Il coppiere si ricorda di Giuseppe solamente due anni più tardi quando il faraone fa due sogni che nessuno dei suoi maghi riesce ad interpretare. Giuseppe esce di prigione ed interpreta i sogni premonitori: l'uno delle sette vacche grasse e delle sette vacche magre ed il secondo delle sette spighe piene e sette vuote. Giuseppe predice un tempo di abbondanti raccolti (sette vacche grasse e sette spighe piene) e sette anni di carestia. Giuseppe propone di fare delle scorte negli anni di abbondanza da utilizzare in quelli di carestia. Il faraone convinto dalla proposta di Giuseppe lo mette a capo del paese (cfr. Genesi 41,1-40).

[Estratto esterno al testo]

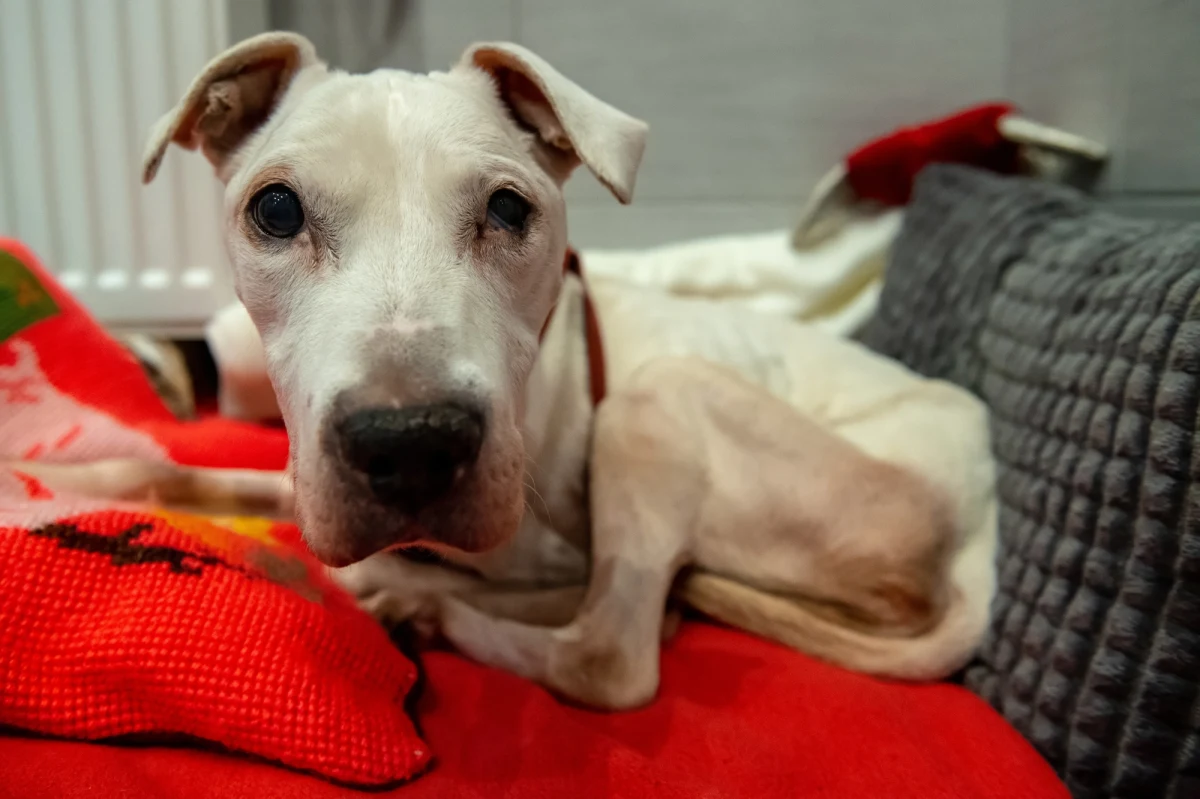 Weterynarze wciąż nie wiedzą, czy uda im się uratować 12-letnią suczkę amstaffa Lunę, którą w stanie skrajnego wygłodzenia straż miejska odebrała w jednym z łódzkich mieszkań. Właścicielce prokuratura zarzuciła znęcanie się ze szczególnym okrucieństwem, a sąd zastosował trzymiesięczny areszt.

Giuseppe si sposa con Asenat ed ha due figli: Efraim e Manasse. Dopo i sette anni di abbondanza nei quali Giuseppe organizza la costituzione di riserve alimentari, la fame si abbatte su tutta la regione e costringe le popolazioni a venire in Egitto per approvvigionarsi. Anche suo padre Giacobbe manda tutti i suoi figli (eccetto Beniamino) per comprare del grano. Giuseppe li riconosce senza essere a sua volta riconosciuto. Fa accusare i dieci fratelli di spionaggio e fa mettere in prigione Simeone per costringere gli altri a ritornare col fratello più piccolo, Beniamino. Quando essi ritornano in Egitto Giuseppe è contento di rivedere il suo fratellino. Li lascia partire insieme ma fa collocare una coppa nel sacco di Beniamino per poterlo accusare di furto. Giuseppe vuol far mettere in prigione Beniamino ma Giuda si offre al suo posto per far sì che possa tornare dal padre Giacobbe. Vedendo che i suoi fratelli hanno appreso la lezione, comportandosi con Beniamino diversamente da come si erano comportati con lui, rivela ad essi la sua identità e li perdona. Invita quindi tutta la sua famiglia a venire a risiedere in Egitto. Incontra infine suo padre e lo presenta al faraone (cfr. Genesi 42-45).
Giacobbe alla vigilia della sua morte adotta come figli Efraim e Manasse e li benedice. Giuseppe ed i suoi fratelli fanno seppellire Giacobbe in terra di Canaan (cfr. Genesi 48-49).
Giuseppe muore all'età di 110 anni. Il suo corpo viene imbalsamato alla maniera egiziana e sarà riportato in terra di Canaan durante l'esodo (cfr. Genesi 50). Recentemente ne è stata ipotizzata l'identità con Aper El.